Wishful Coding

Didn't you ever wish your
computer understood you?

JPEG compress your LLM weights

So quantization is kinda bad lossy compression right? JPEG is good lossy compression. This may sound stupid, and maybe it is, but hear me out.

I’ve read that LLM performance is usually constrained by memory bandwidth, and for us plebs also by memory size, and there is a precedent in for example ZFS compression which has shown to increase disk performance because you’re IO constrained rather than compute constrained. So it might be beneficial to decompress LLM parameters on the fly, and if you’re doing that you might want to use a good lossy compression algorithm instead of blunt quantization. It is said that compression is equivalent to general intelligence, so in that sense lossy compression would be expected to reduce intelligence, so you’d want to get a good compression ratio with minimal loss.

The way JPEG works is basically

  • break down the pixels in chunks - after decompression chunk boundaries are visible as JPEG artifacts.
  • Discrete Cosine Transform them - lossless transformation in the family of Fourier transforms
  • quantize them - data loss happens here, creating longer runs
  • Run Length Encode them - compression happens here

RLE is a lossless compression technique, which gets turbocharged by discarding some data to create longer runs.

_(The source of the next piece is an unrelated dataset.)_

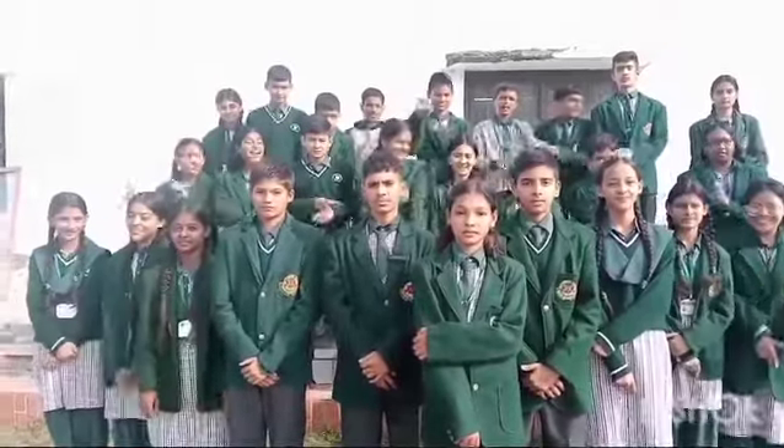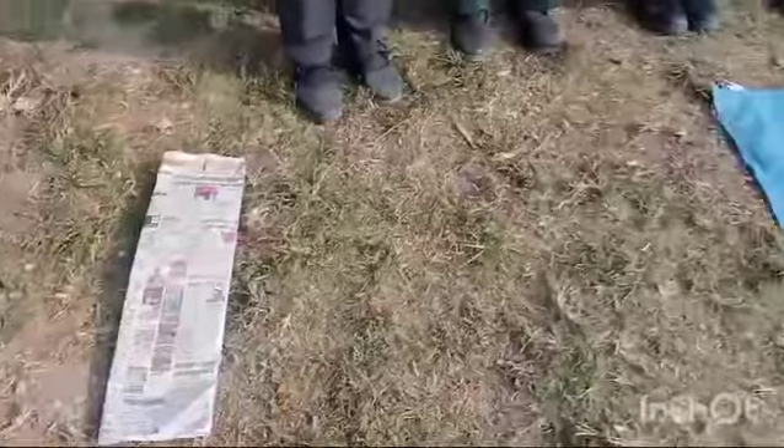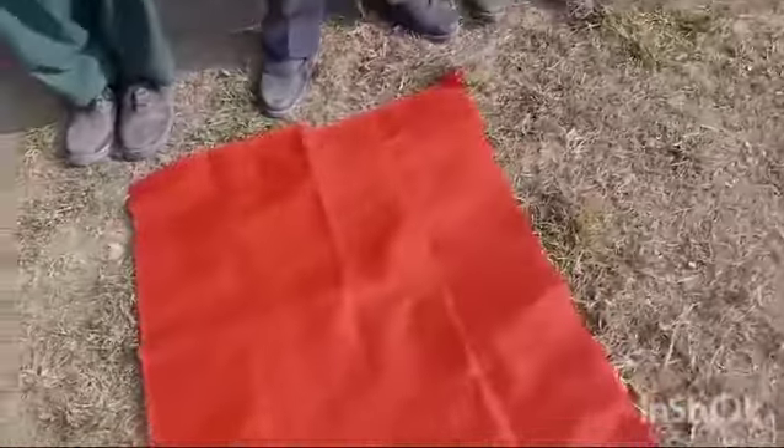Are you ready? Let's get it out! There are different types of surfaces. First newspaper, second towel, third a piece of cloth, then pebbles and then last sand.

In the case of image data, the DCT concentrates most information in the low frequencies so you can quantize high frequencies with minor loss in image quality. Now, I don’t expect LLM parameters to be “smooth” like image data, so naive JPEG compression of LLM weights is not likely to be effective.

BUT!

You can reorder the columns and rows of a matrix without affecting the result. It’s like \(a+b+c=d \rightarrow c+b+a=d\). So you could reorder your rows and columns to maximize clustering of similar values. Not sure how you’d do this, maybe just sort by vector sum, or some genetic algorithm, or other cleverness.

So my proposed LLM compression would work like this

  • reorder the matrices to improve value clustering
  • break down the values in chunks
  • DCT them
  • quantize them
  • RLE them

And then inference would

  • RLE expand a chunk
  • inverse DCT it
  • perform the multiplications

So the compressed data would exist in VRAM and be decompressed on the fly chunk by chunk to perform a matrix vector product. It’d take more compute, 11 multiplications to be precise, but if you’re memory constrained it could be worth it.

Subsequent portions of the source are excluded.